He hates, like a dredge net dragging through his gut, the way his strength has waxed as hers waned. Hates that he hasn’t needed a hospital stay in years; that he is irrevocably small, yes, irrevocably weak and sickly and Less, but that he’s started to think about the murmurings of war in a new way. In an _I-could-go-there_ way. He’s been daydreaming about it constantly, equal measures of horror and longing. It’s slipped into the square jaws and locked steps of his paintings. It’s slipped into the colors, shadows stained in red and white and blue.

The apartment shouldn’t seem as quiet as it does. With her night shifts at the hospital, Sarah had never been around much anyway, these last few years — not until the final weeks of her illness. She’d said little, then, just coughed late into the night and turned her face to the wall.

Steve knows Bucky’s worried about him. When he thinks about it hard enough, he’s worried about himself. He moves through his days in automatic slow motion. Takes the train to his art classes. Keeps painting the same things he was painting before she died.

He let Bucky convince him to come here mostly because he felt bad. Because riding into Manhattan seemed a better option than sitting at home in the hollow space his mother left behind, with Bucky’s eyes on him in patient challenge and the shouts of children outside. Now, it feels like a mistake. He doesn’t have a costume — couldn’t bring himself to make one — and he can’t imagine joining the happy throngs. The Central Park sky is an anonymous blue dome, latticed with bare branches in savage filigree. Under it, Bucky’s scrutiny feels all the more pronounced.

Bucky says, quietly, “She’d want you to live.”

“She wouldn’t.” The words come out before Steve can stop them, harsh and ugly. “She never thought I even could.”

“Yeah, okay,” says Bucky, and leans back on the grass. Steve sort of hates him for it; for his easy acquiescence, his willingness to follow Steve down into the darkness of his own mind. Like if Steve believes it, it must be true. That stops him from saying the rest of what he’s thinking: _She spent my whole life waiting for me to die. Then she went and did it first._

The anger abandons him as quickly as it comes. He slumps back on the ground beside Bucky, and rubs a tired hand over his eyes. “I’m sorry,” he says. “I’m not myself.”

Bucky stretches, bumping their arms together, and settles his shoulderblades comfortably into the dirt. “You’re tellin’ me, pal.”

That makes Steve laugh, a little. “Sorry.”

From the corner of his eye, he sees Bucky cast a glance his way.

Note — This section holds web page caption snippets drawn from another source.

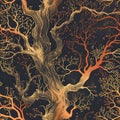 organic pattern inspired by the intricate web of roots that sprawl beneath the forest floor. AI Generated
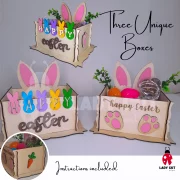 3 Easter Bunny Gift Boxes/Basket – SVG & XTool Files for Laser Cutting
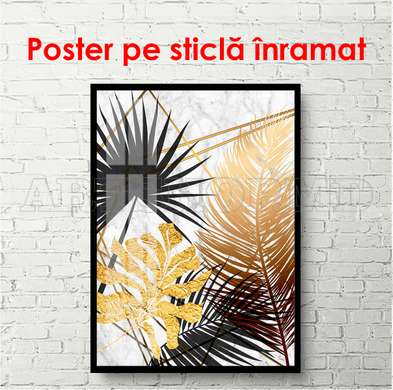 Poster - Grădină tropicală în culori aurii 2, 60 x 90 см, Poster înrămat, Glamour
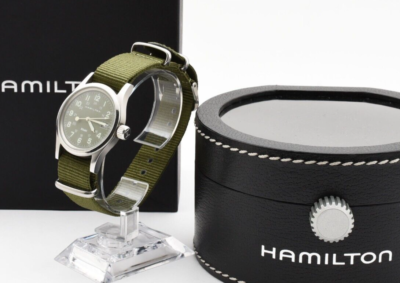 EXC+5 [Paper Box] Hamilton Khaki 6359 Green Dial Quartz Watch From 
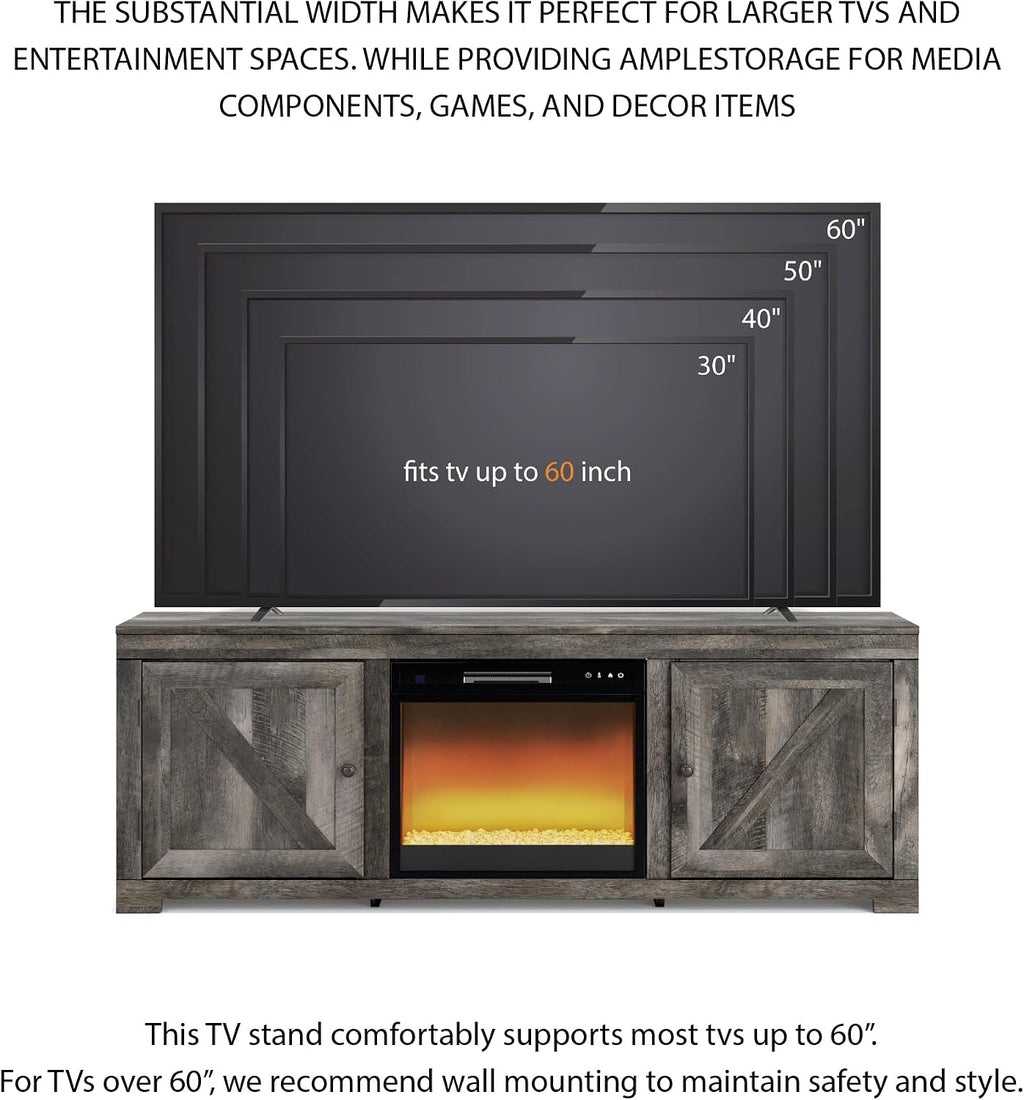 Signature Design by Ashley Wynnlow Farmhouse 63' TV Stand for TVs up to 72' with Electric Fireplace, Light Gray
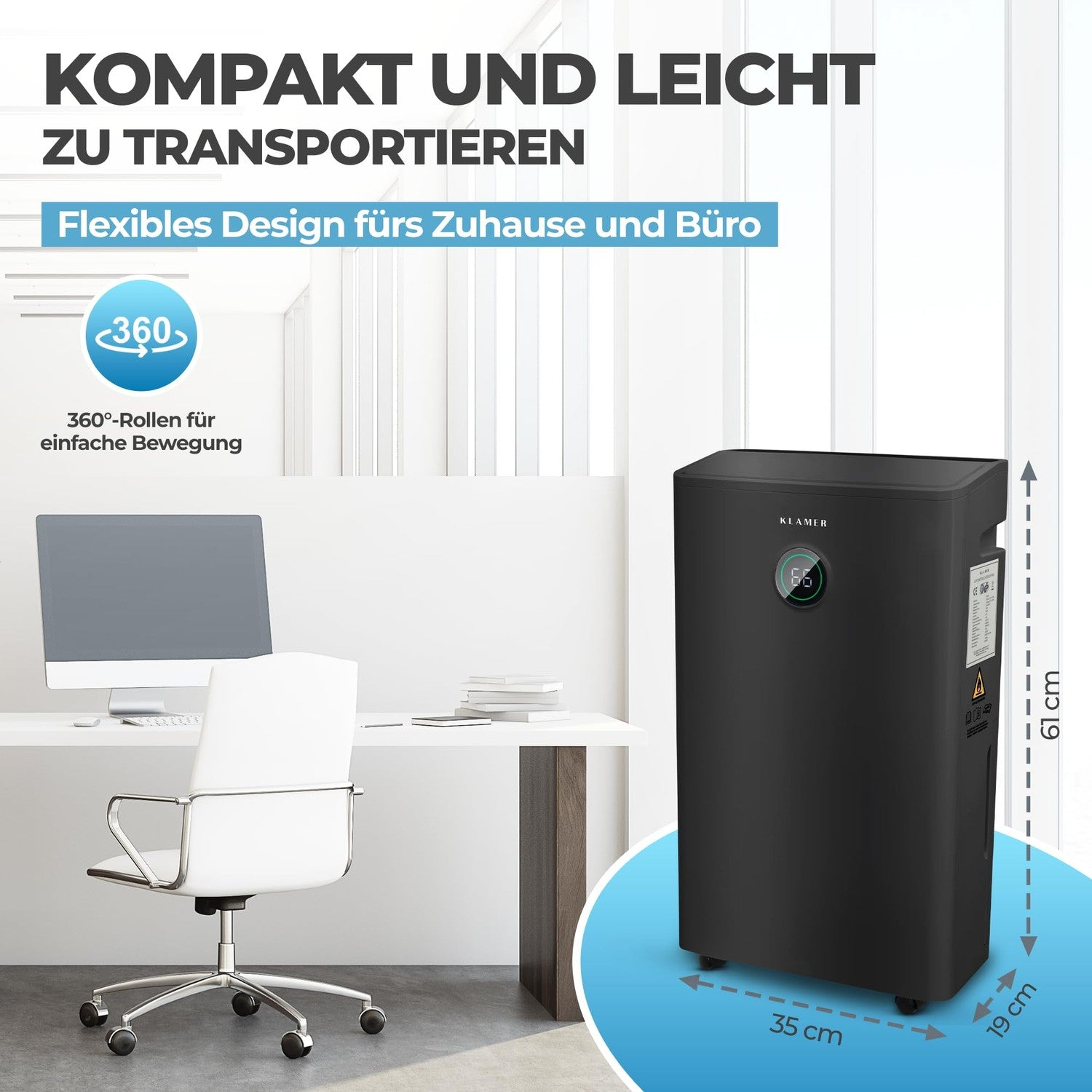 Schwarzer Entfeuchter in einem hellen Büro mit den Maßen 61x35x19 cm und Text-Overlays.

It’s fond, assessing; there’s a pleased quirk to his lips. He’s glad to have gotten a reaction out of Steve, probably. Glad to have drawn him, even a meager inch, out of himself.

If Steve were a girl, Bucky might prop himself up on one elbow, now. He might lean down to kiss him. Steve’s brief happiness fades. Nothing in his life was ever built to last.

“There were mermaids in Irish folklore,” he says lightly, to cover the shadow crossing his face. “Merrows.”

Bucky doesn’t comment on the evasion. “Yeah?”

“Yeah,” Steve echoes. “Kind of like Scottish selkies. They wore magical caps that let them live underwater.”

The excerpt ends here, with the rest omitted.